WHAT TO PRODUCE:
The reply should contain every entry below exactly as written, with no images.

DATASET ENTRIES:
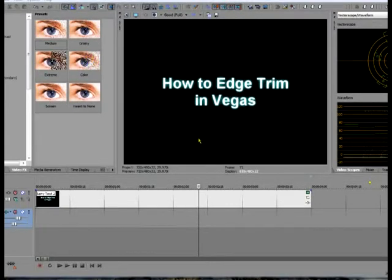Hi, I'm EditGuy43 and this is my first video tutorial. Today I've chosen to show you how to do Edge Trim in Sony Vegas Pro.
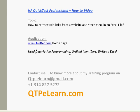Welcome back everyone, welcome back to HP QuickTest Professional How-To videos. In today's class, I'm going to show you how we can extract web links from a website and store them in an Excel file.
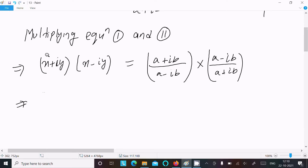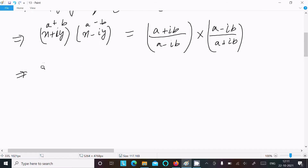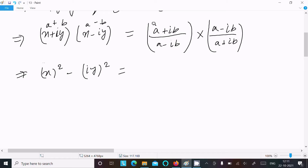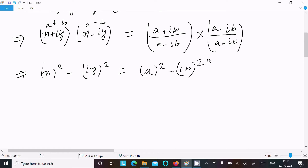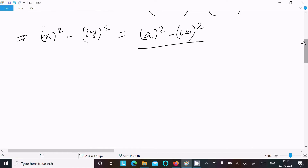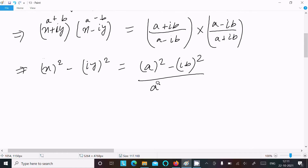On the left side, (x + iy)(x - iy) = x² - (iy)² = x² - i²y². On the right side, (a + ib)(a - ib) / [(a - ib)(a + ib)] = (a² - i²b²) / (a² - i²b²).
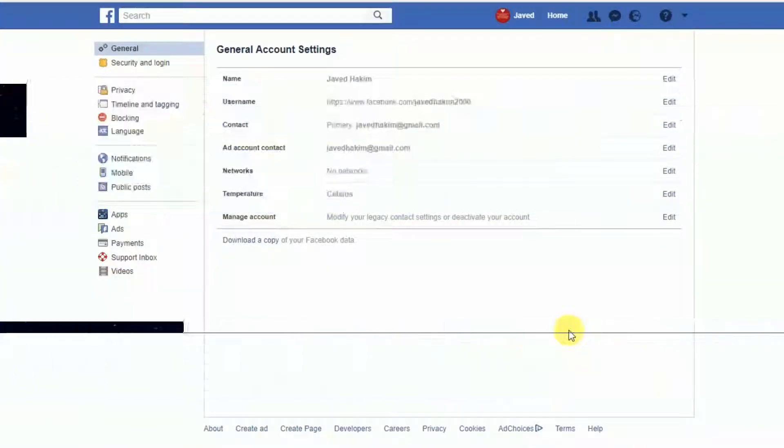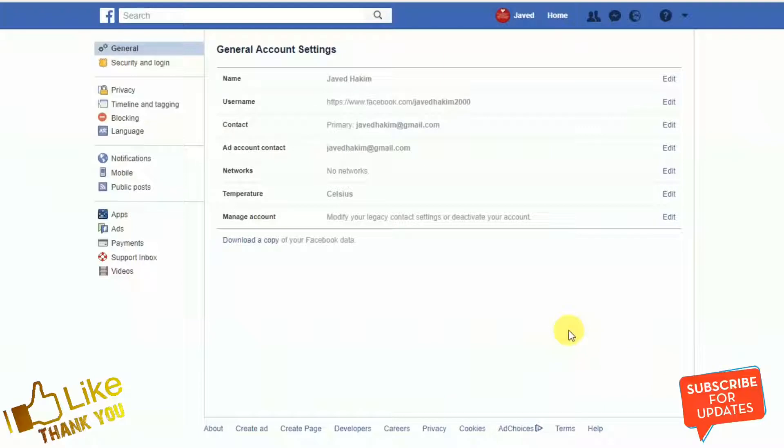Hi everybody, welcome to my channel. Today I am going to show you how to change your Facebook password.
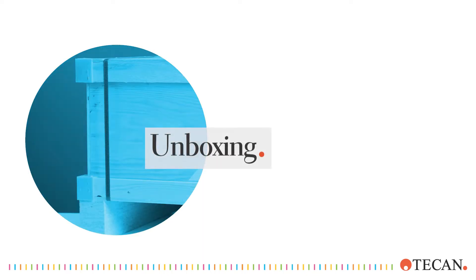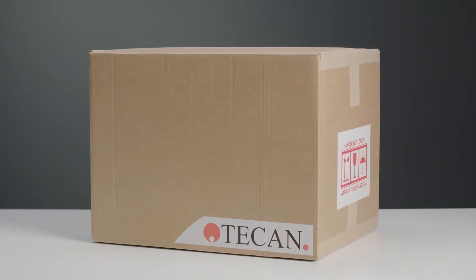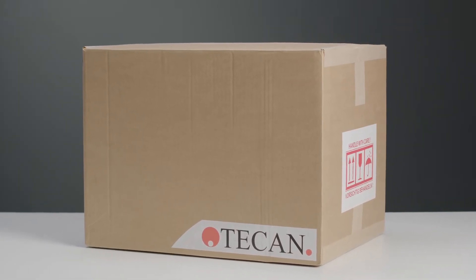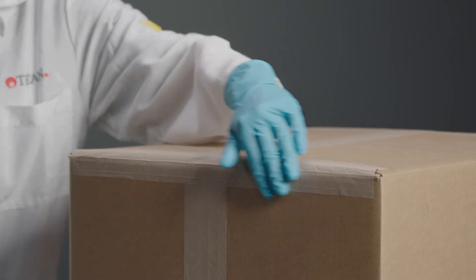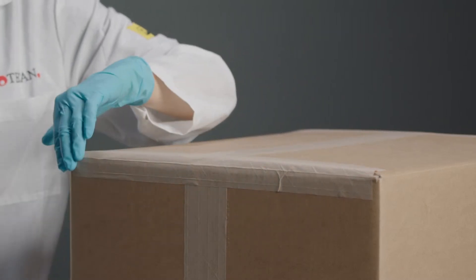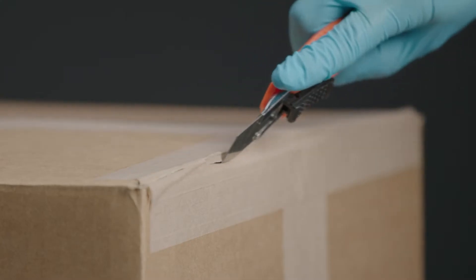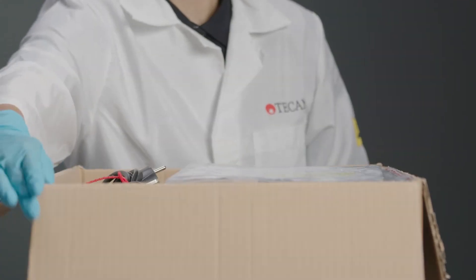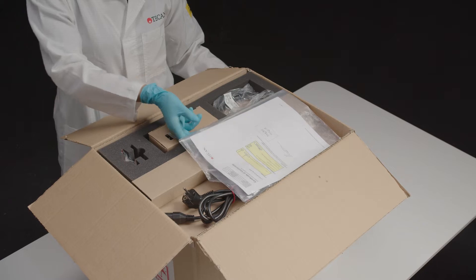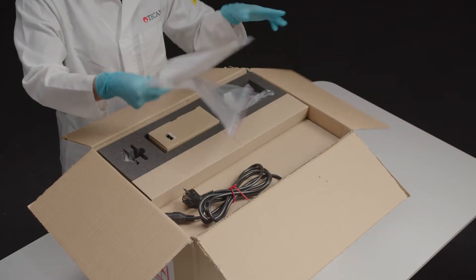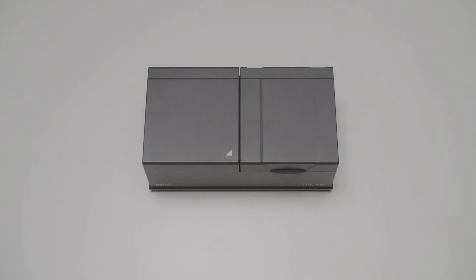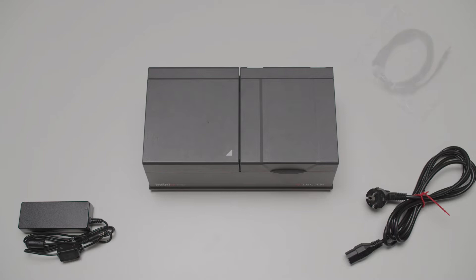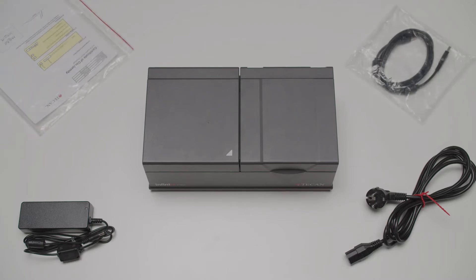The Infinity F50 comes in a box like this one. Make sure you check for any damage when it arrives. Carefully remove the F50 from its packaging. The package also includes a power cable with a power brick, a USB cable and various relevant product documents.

YOUR SOLUTION:
Hi, I'm EditGuy43 and this is my first video tutorial. Today I've chosen to show you how to do Edge Trim in Sony Vegas Pro.
Welcome back everyone, welcome back to HP QuickTest Professional How-To videos. In today's class, I'm going to show you how we can extract web links from a website and store them in an Excel file.
On the left side, (x + iy)(x - iy) = x² - (iy)² = x² - i²y². On the right side, (a + ib)(a - ib) / [(a - ib)(a + ib)] = (a² - i²b²) / (a² - i²b²).
Hi everybody, welcome to my channel. Today I am going to show you how to change your Facebook password.
The Infinity F50 comes in a box like this one. Make sure you check for any damage when it arrives. Carefully remove the F50 from its packaging. The package also includes a power cable with a power brick, a USB cable and various relevant product documents.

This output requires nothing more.